REQUIREMENT: When duplicating the records beneath this instruction, omit every picture and keep all else exact.

(Items listed in a dataset)
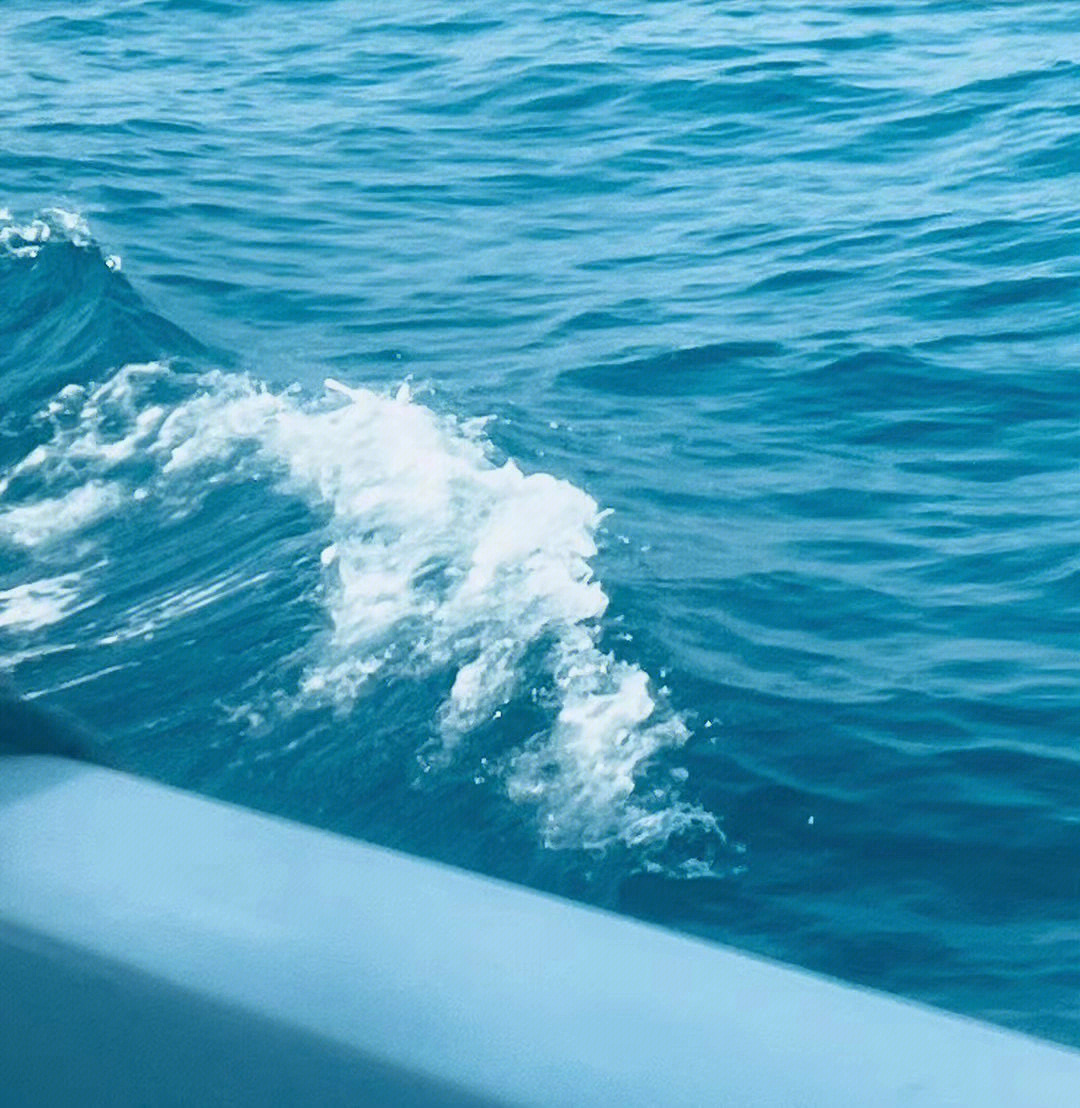 海底总动员主题曲_海底总动员_动员背景音乐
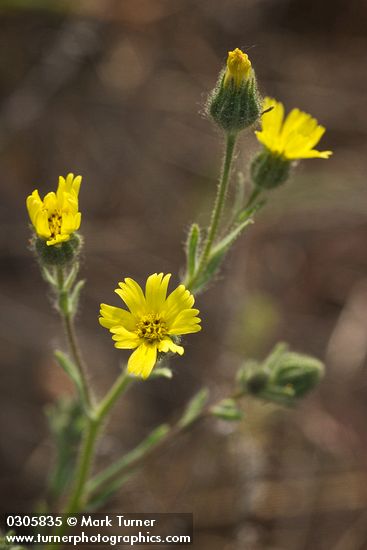 Madia gracilis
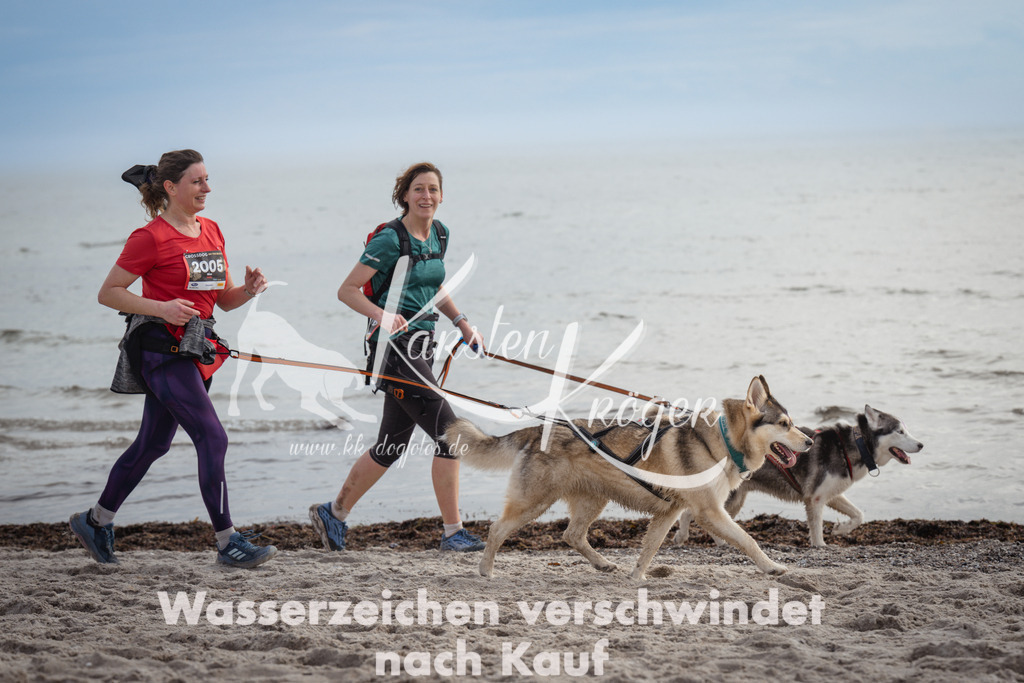 1156_ZZ92820 | kk-dogfotos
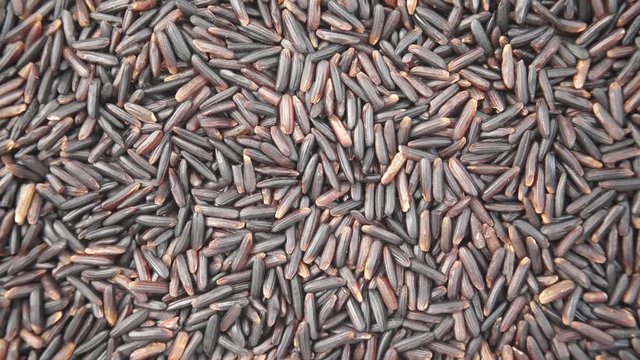 Black rice as natural food background. Top view. Healthy diet gluten free."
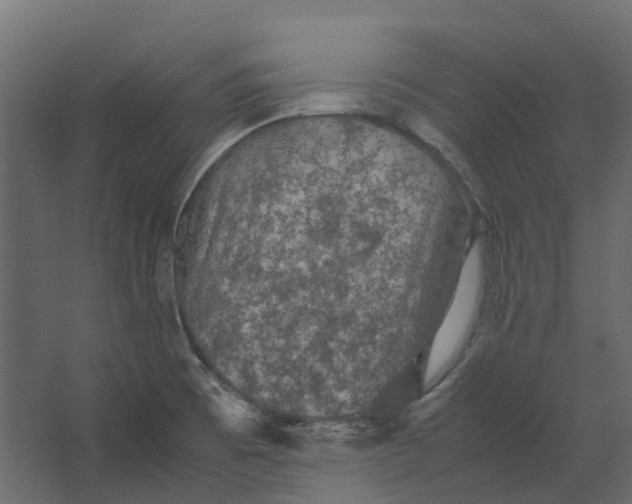 X0000067501473200604211712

RESPONSE TO THE EXERCISE:
 海底总动员主题曲_海底总动员_动员背景音乐
 Madia gracilis
 1156_ZZ92820 | kk-dogfotos
 Black rice as natural food background. Top view. Healthy diet gluten free."
 X0000067501473200604211712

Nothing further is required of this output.